On educating the community about the cause
“My biggest personal challenge is not talking about this everywhere I go and asking anyone and everyone to get involved! I’m passionate about this work. I know it’s the right thing for our community to own this challenge and provide solutions for these youth and families.
“The biggest challenge the organization faces is that homeless youth are often stigmatized and their challenges are misunderstood. We work hard to change the misperceptions many people have of what leads young people to homelessness, and we hope people take seriously what it means to leave at-risk teens underserved in our community.

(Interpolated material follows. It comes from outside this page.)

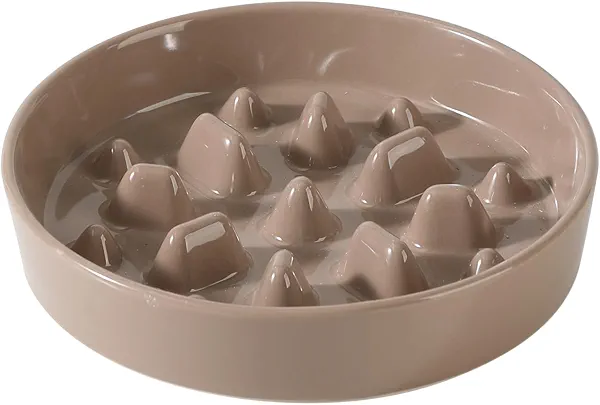 Havniva Ceramic 8.2 inch Dog Bowl Slow Feeder, Slow Pet Food Dish for Medium and Large Dog, Stop Bloat, Preventing Choking(Single Bowl, Brown Coffee)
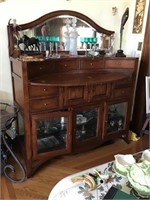 Sideboard With Mirror Back29x57x 66  No Contents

“So many people I speak to say things like, ‘Well, I thought the government was paying for that, aren’t there grants for this? Can’t they help you guys?’ The reality is, we have been receiving many of the available grants for decades, but the awards do not fully cover our services and they are always at risk as federal priorities shift. As we grow and evolve, we rely on community support to fill our funding gaps. Moreover, there is something powerful and important about the message it sends when the community stands up for and supports its most vulnerable youth.
“Further, when I explain the difference between the ways we can deploy private donations as opposed to the limitations that come with federal funds, people begin to understand the necessity of our community owning the problems and owning the solutions.
“It would be great if there was more compassion for this group who needs our help and less misplaced judgment. If more people understood the truth of what these young people are facing, I think it would logically occur to them to help in any way they can.”
On September 14, 2019, Ozone House will host their eleventh annual fundraiser at the Domino’s World Resource Center. Then later in the fall, they will cut a ribbon on their new “Forever Home,” which will truly change the way they house and support young people. “It’s amazing to be a part of Ozone House’s efforts to lay the groundwork for its next 50 years. Making sure that all teens have a safe place to grow and succeed is what we’re committed to, and I’m very proud of what we’ve been able to do for them.”
Susan Allison’s unwavering passion to ensuring that teens in our community have the chance to pick a positive path at a fork in the road is awe-inspiring. Her channeled commitment has focused this community’s resources toward a goal that will make it stronger for generations to come.